Klaaskreek is a resort in Suriname, located in the Brokopondo District. Its population at the 2012 census was 2,124. Located northeast of Brokopondo, the main town is Reinsdorp. In 2007, a technical training centre in biological agriculture was established at Klaaskreek to teach locals about enhancing agriculture in the area.

==History==
Around 1860 an expedition led by J. Rosenberg set out to discover gold. Even though some gold was discovered near Victoria, the government decided not to pursue the matter. Rosenberg however persisted, established the New-York and Surinam Company, and finally received a concession in 1870. The company failed to meet its objectives, and the concession was nullified in 1874.

Klaaskreek is situated in the proximity of the Brokopondo Reservoir. In 1958 Klaaskreek was designated as one of the transmigration towns for the inhabitants of the area that was flooded after the construction of the Afobaka Dam, and the main settlement for people from Ganzee. Klaaskreek is a tribal area mainly inhabited by Maroons.

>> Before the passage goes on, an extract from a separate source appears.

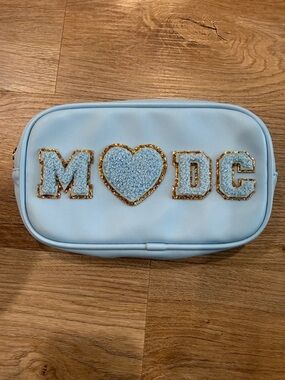 Stoney Clover Ln pouch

Klaaskreek has a school, police station, civil engineering company., river resort, and a beach called Benastrand. Medische Zending operates a clinic in the town.

==Towns==
Other villages in the resort include Berg en Dal, Kapasikélé, Njun Lombe, Mujékiki, and Reinsdorp. In 1960, an agriculture pilot project was started in Brokobaka, Centrum. The project led to a palm oil plantation and factory in the former plantation of Victoria. however the Surinamese Interior War and lethal yellowing resulted in the closure of the factory in 1996.